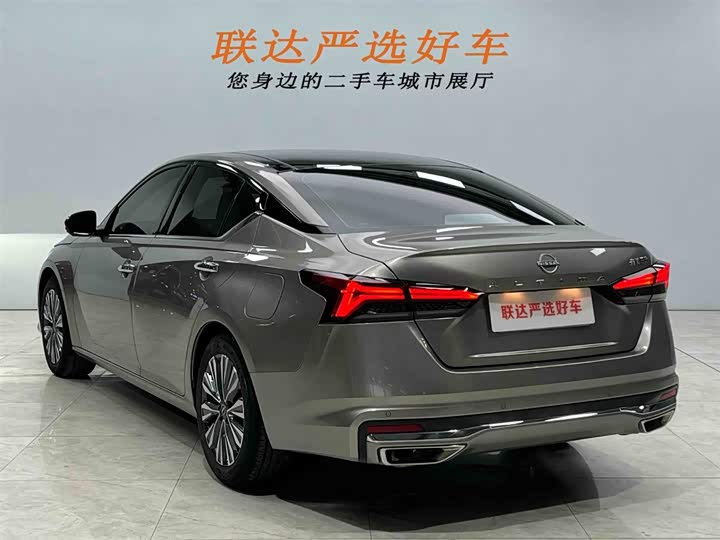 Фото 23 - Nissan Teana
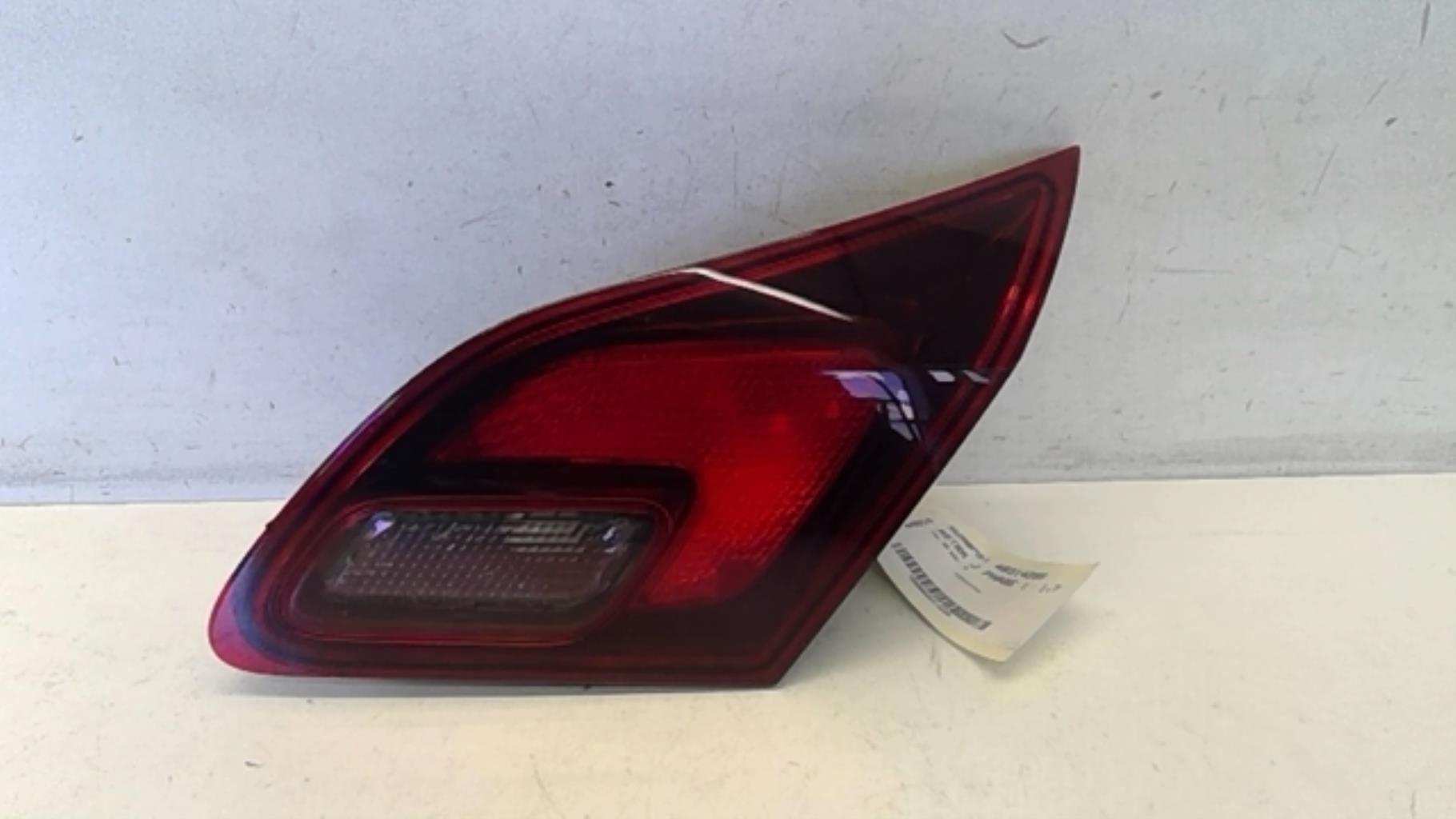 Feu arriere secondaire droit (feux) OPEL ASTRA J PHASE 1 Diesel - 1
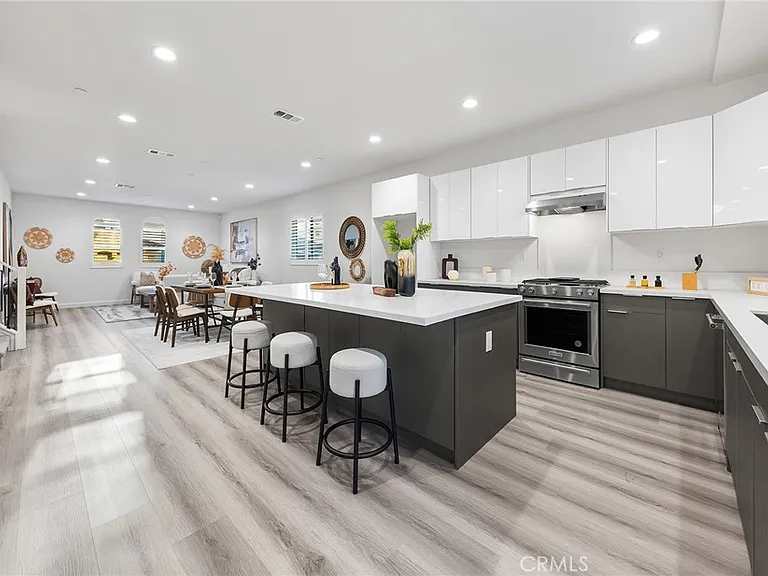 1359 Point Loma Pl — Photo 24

---

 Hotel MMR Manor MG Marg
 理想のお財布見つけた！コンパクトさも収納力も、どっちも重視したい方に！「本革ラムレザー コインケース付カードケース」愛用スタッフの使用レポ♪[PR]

...

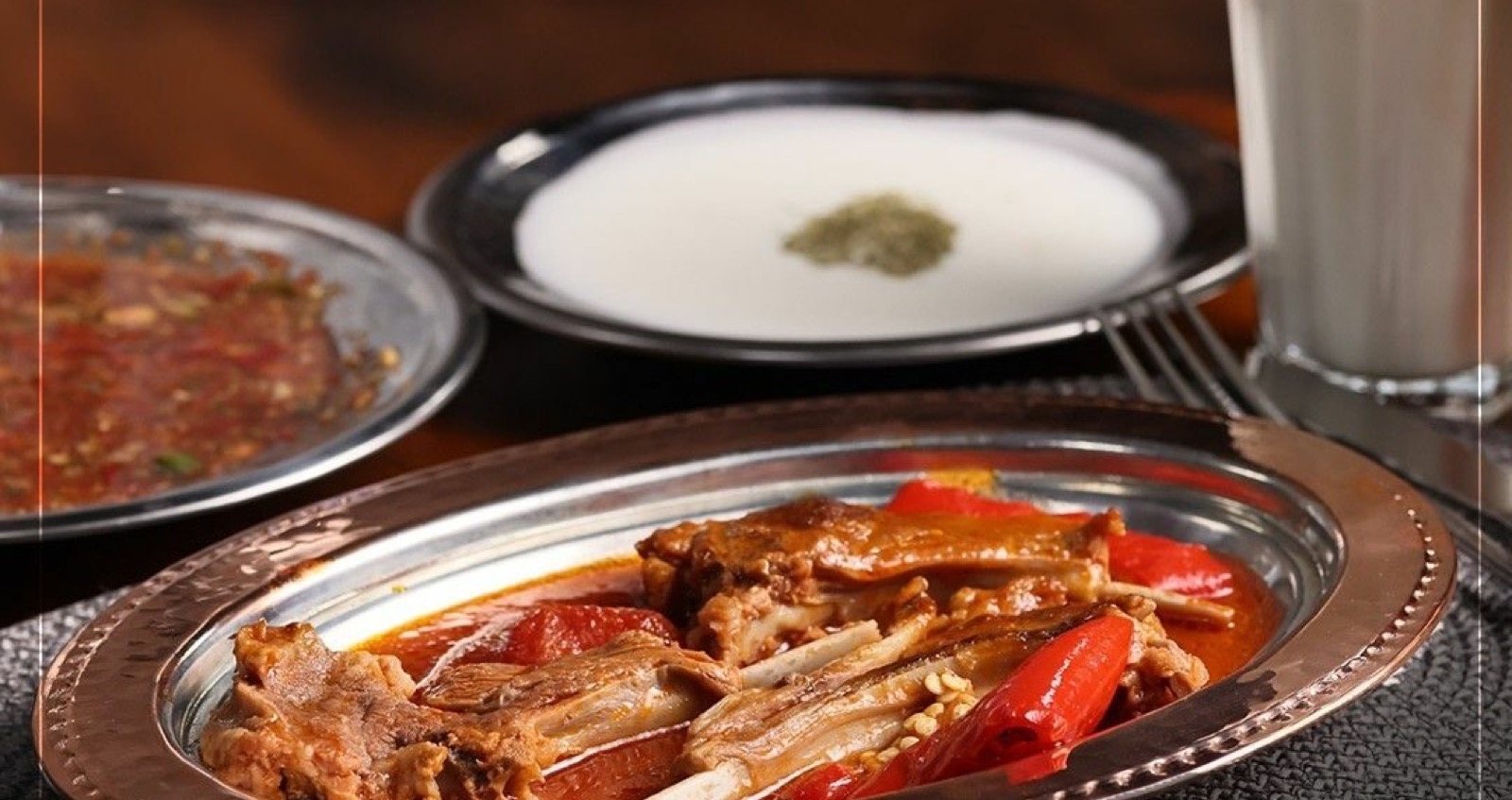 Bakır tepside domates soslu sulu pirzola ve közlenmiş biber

Task objective
Output only the stretch above from the line with "Фото 23 - Nissan Teana" through the line with "1359 Point Loma Pl — Photo 24", reproduced exactly. Exclude pictures.

Solution below
 Фото 23 - Nissan Teana
 Feu arriere secondaire droit (feux) OPEL ASTRA J PHASE 1 Diesel - 1
 1359 Point Loma Pl — Photo 24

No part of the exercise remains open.